> [HOW TO COMPLETE THIS TASK] You are asked to reproduce the listing exactly and to omit its pictures.

> [RECORDED DATA]
▬▬▬▬▬▬

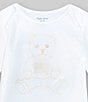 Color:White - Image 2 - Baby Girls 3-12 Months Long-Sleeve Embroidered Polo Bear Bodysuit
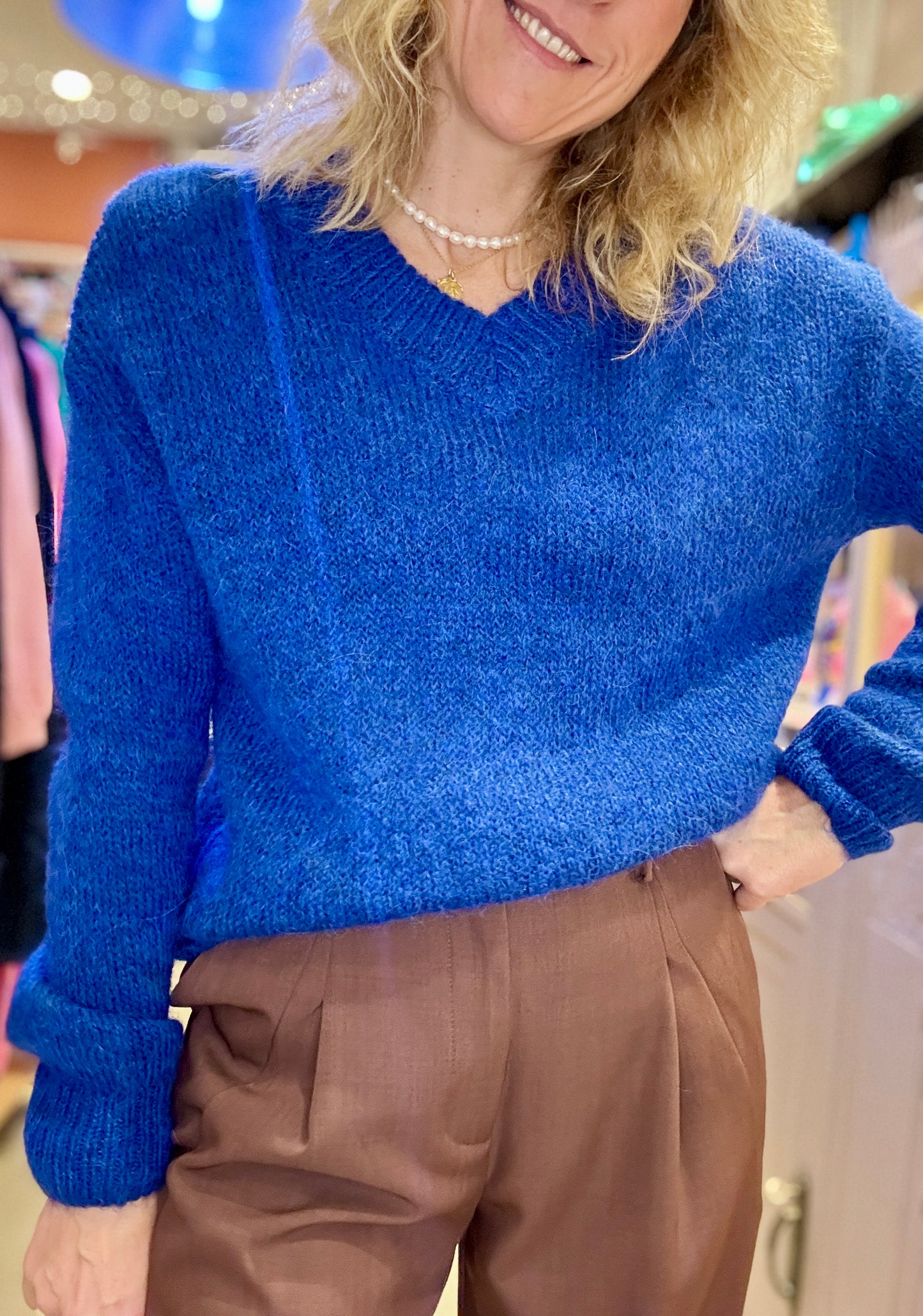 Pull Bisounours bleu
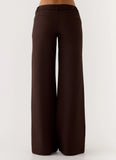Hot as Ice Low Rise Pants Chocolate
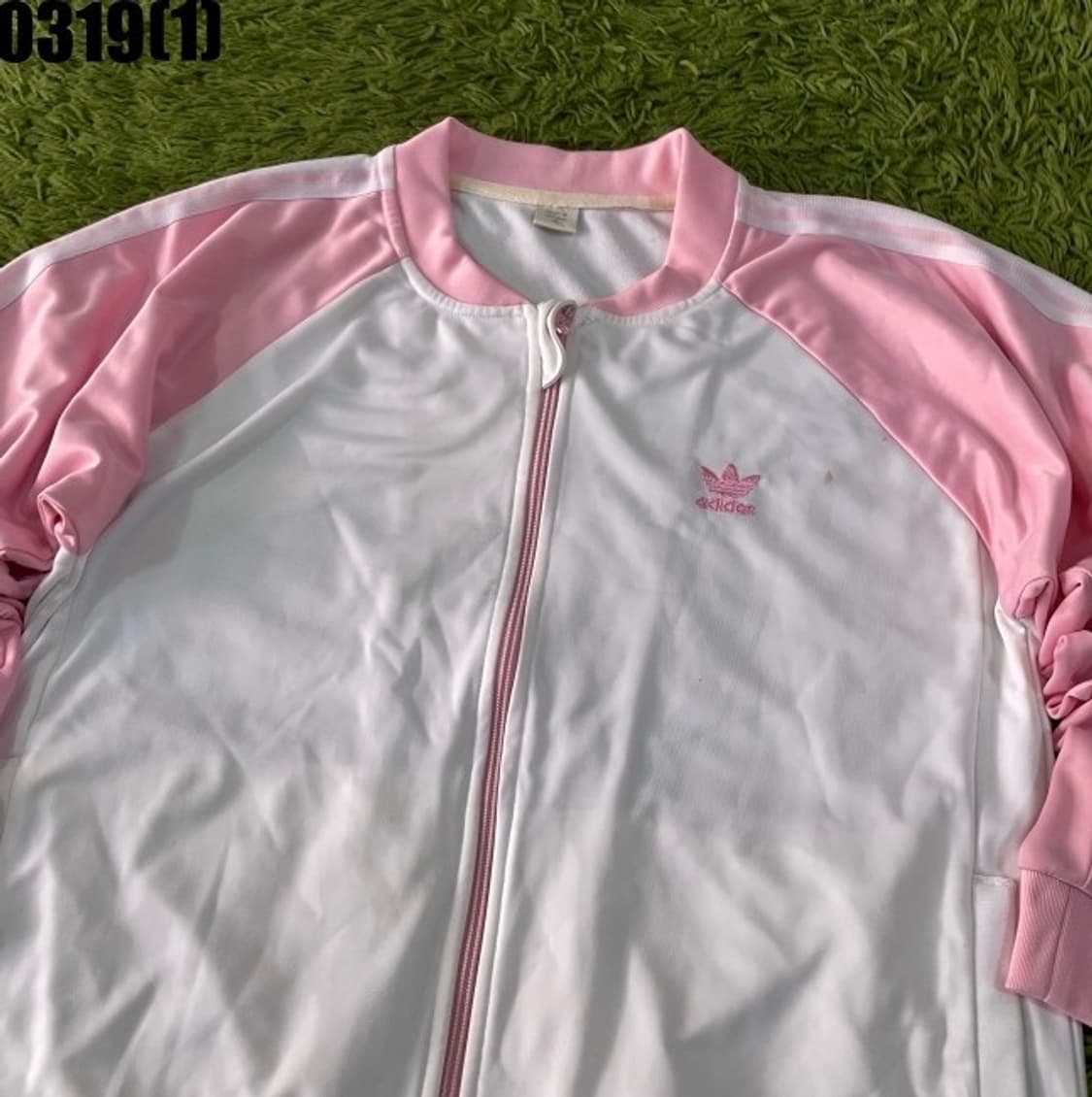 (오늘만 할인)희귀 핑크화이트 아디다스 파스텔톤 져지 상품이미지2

▬▬▬▬▬▬

> [TASK RESPONSE]
 Color:White - Image 2 - Baby Girls 3-12 Months Long-Sleeve Embroidered Polo Bear Bodysuit
 Pull Bisounours bleu
Hot as Ice Low Rise Pants Chocolate
 (오늘만 할인)희귀 핑크화이트 아디다스 파스텔톤 져지 상품이미지2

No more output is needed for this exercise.